Spain’s welfare state is in danger under the crippling weight of the Covid-19 as more people are currently receiving social security benefit than wages as employees.
MINISTERS and ecocomists fear the country is facing a recession which will be a measure of an economic system which, at the moment, subsidies, public aid and grants outweigh private initiative.
Latest official data from the Ministries of Labour and Inclusion shows there are 15,878,060 people in Spain receiving social security benefits, taking into account both contributory and non-contributory pensions and unemployment benefits.
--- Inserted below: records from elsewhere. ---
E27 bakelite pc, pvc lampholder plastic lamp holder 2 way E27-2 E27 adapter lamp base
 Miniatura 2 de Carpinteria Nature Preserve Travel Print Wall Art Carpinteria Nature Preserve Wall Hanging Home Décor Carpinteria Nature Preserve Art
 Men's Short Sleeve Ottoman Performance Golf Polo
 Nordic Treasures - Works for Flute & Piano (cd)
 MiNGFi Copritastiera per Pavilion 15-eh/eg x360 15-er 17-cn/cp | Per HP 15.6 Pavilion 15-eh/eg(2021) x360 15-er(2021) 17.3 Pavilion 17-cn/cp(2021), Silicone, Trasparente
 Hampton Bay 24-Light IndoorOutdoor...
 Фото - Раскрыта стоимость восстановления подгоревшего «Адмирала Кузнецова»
And there are 15,321,500 employees in Spain among those affiliated to the social security system.
In short, the Ministry claims there are now half a million more people surviving on cash from the public sector than wages.
And economists are concerned about the consequences on entrepreneurship and the normal functioning of the labour market, as people with the capacity to work are instead assisted by the government.
They fear the latest minimal vital income measures will only add to a situation of a “subsidised Spain.”
Although the move may have positive effects from the outset, such as preventing extreme poverty among certain groups, even parties such as the PP that voted in favour of it in Congress admit it should be a temporary measure.
Spanish Confederation of Business Organisations (CEOE) leaders and businessmen, who have supported social measures from the Executive despite the fact that it would have a cost for companies (as is the case with the increase in the minimum wage), warn internally that the minimum income could see a growth in underground economy in Spain.